Die Milchabgabe sei nach §§ 21, 24 der Verordnung zur
Durchführung der EG-Milchabgabenregelung (MilchAbgV) in der
Fassung der Bekanntmachung vom 9.8.2004 (BGBl I 2004, 2143) zu
Recht festgesetzt worden, weil die Klägerin mit der direkt
verkauften Milch sowie den Äquivalenzmengen der
Milcherzeugnisse, die das HZA zutreffend ermittelt habe, ihre
Direktverkaufs-Referenzmenge überschritten habe. Da die
Klägerin mit ihrer Abgabeanmeldung die ihre
Direktverkaufs-Referenzmenge überschreitenden
Mehrverkäufe nur unvollständig angegeben habe, sei sie
mit diesen nachträglich ermittelten Mehrverkäufen
gemäß § 14 Abs. 1 Satz 6 MilchAbgV vom
Saldierungsverfahren ausgeschlossen. Nach Art. 4 Unterabs. 2 der
Verordnung (EG) Nr. 1788/2003 (VO Nr. 1788/2003) des Rates vom
29.9.2003 über die Erhebung einer Abgabe im Milchsektor
(Amtsblatt der Europäischen Union - ABlEU - Nr. L 270/123)

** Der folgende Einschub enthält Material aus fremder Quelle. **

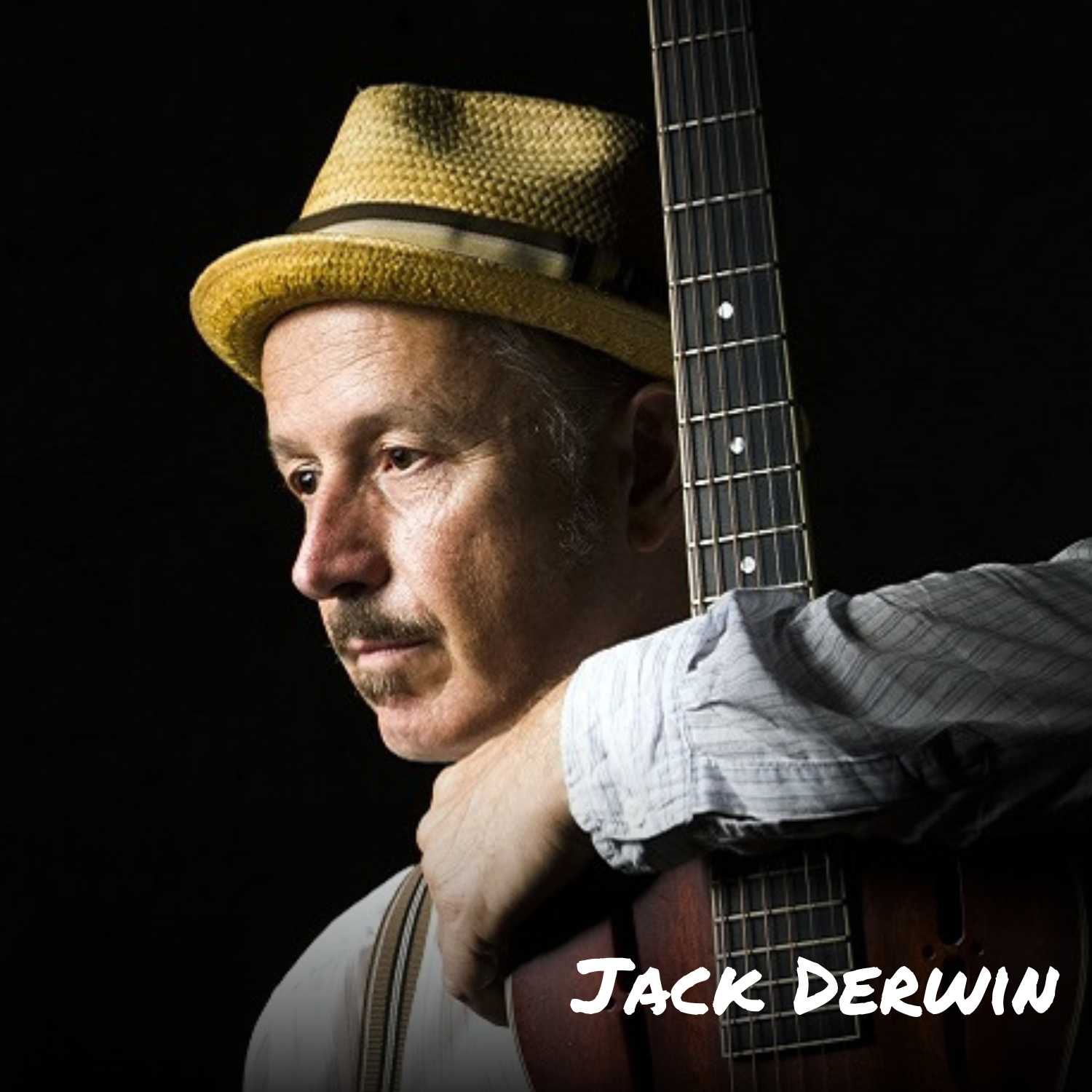 Jack Derwin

schuldeten Milcherzeuger dem betreffenden Mitgliedstaat die Abgabe
allein aufgrund der Überschreitung ihrer verfügbaren
Referenzmengen. Deshalb komme es auch nicht darauf an, ob in dem
Zwölfmonatszeitraum 2006/ 2007 die einzelstaatliche
Referenzmenge überschritten worden sei.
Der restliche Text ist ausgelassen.